Beans On Toast is the stage name of folk singer Jay McAllister from Essex. He’s a mate of Frank Turner, and thus gets to play Wembley supporting Frank and then considerably smaller venues on his own account. (He just played Manchester Gorilla).
A Spanner in the Works opens with an angry rant about 2016. If you don’t agree with McAllister’s politics you may well stop listening here as he sings about “referendums, algorithms, the rise of fascism, return of hooliganism”. Lyrics include “goodbye to Prince, hello to laws that still prevent gay people getting married” and “dinosaurs are not evolving”, as well as a complaint that Farage, Boris and Gove are “self-righteous, self-serving twats telling us we want our country back.”
He also (rightly) has a go at people who “washed your Facebook and think everyone believes the same as you”. He’s so left wing, he has a go at Billy Bragg for copping out of protest songs.
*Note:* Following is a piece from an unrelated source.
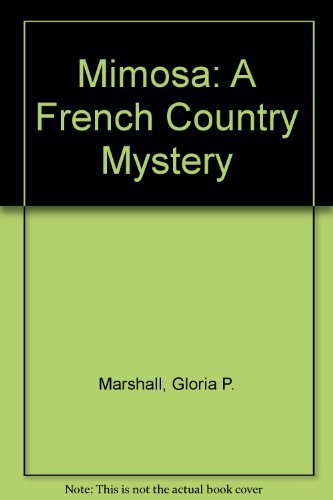 Stock image for Mimosa: A French Country Mystery for sale by The Red Onion Bookshoppe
Similarly, Money For War makes the point that there’s always money for war but not for GPs, nurses, the NHS, teachers, people on benefits, the disabled and young mothers.
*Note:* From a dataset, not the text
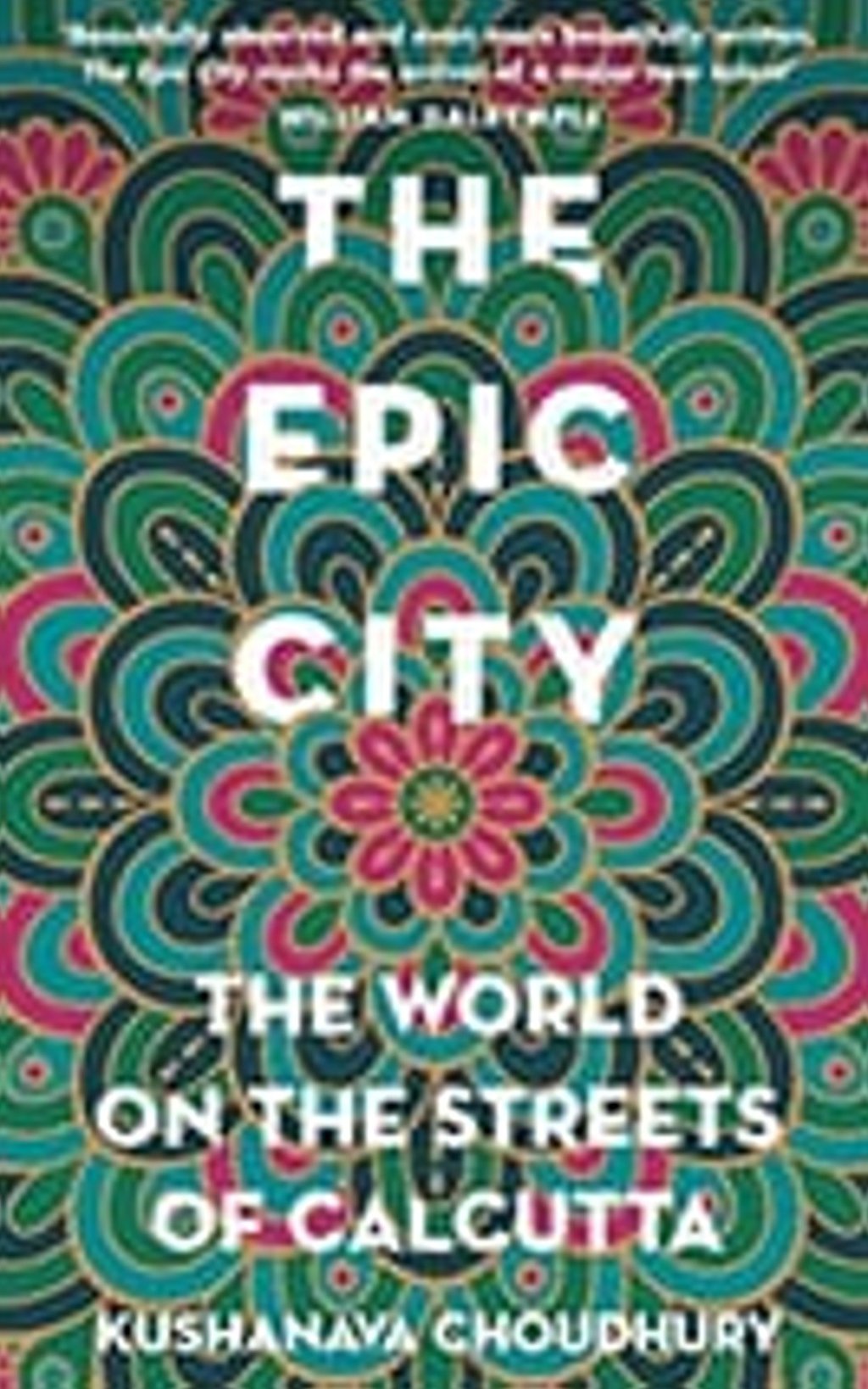 The Epic City: The World on the Streets of Calcutta, by Kushanava Choudhury The Epic City: The World on the Streets of Calcutta, by Kushanava Choudhury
It’s not all politics: I Can Be That Tree is a touching love song (especially for those of us who planted trees when we got married); The Drum Kit is a ska tune talking about small music venues closing down because neighbours complain about the noise, making the point that all those bands the middle classes are so fond of started off learning their craft in small clubs.
Other songs are more predictable. It’s Only Natural is about legalising weed and Down The Pub is a playful ditty about putting the world to rights over a pint. Fear Mongering Clap Trap is about global warming and migration, and rhymes “Don’t say nobody warned ya” with “The world is getting warmer”.
Musically, it’s still McAllister’s sing-song Essex vocals over music, though he’s added some electronic instrumentation and mixes jazz, folk, electronica and pop.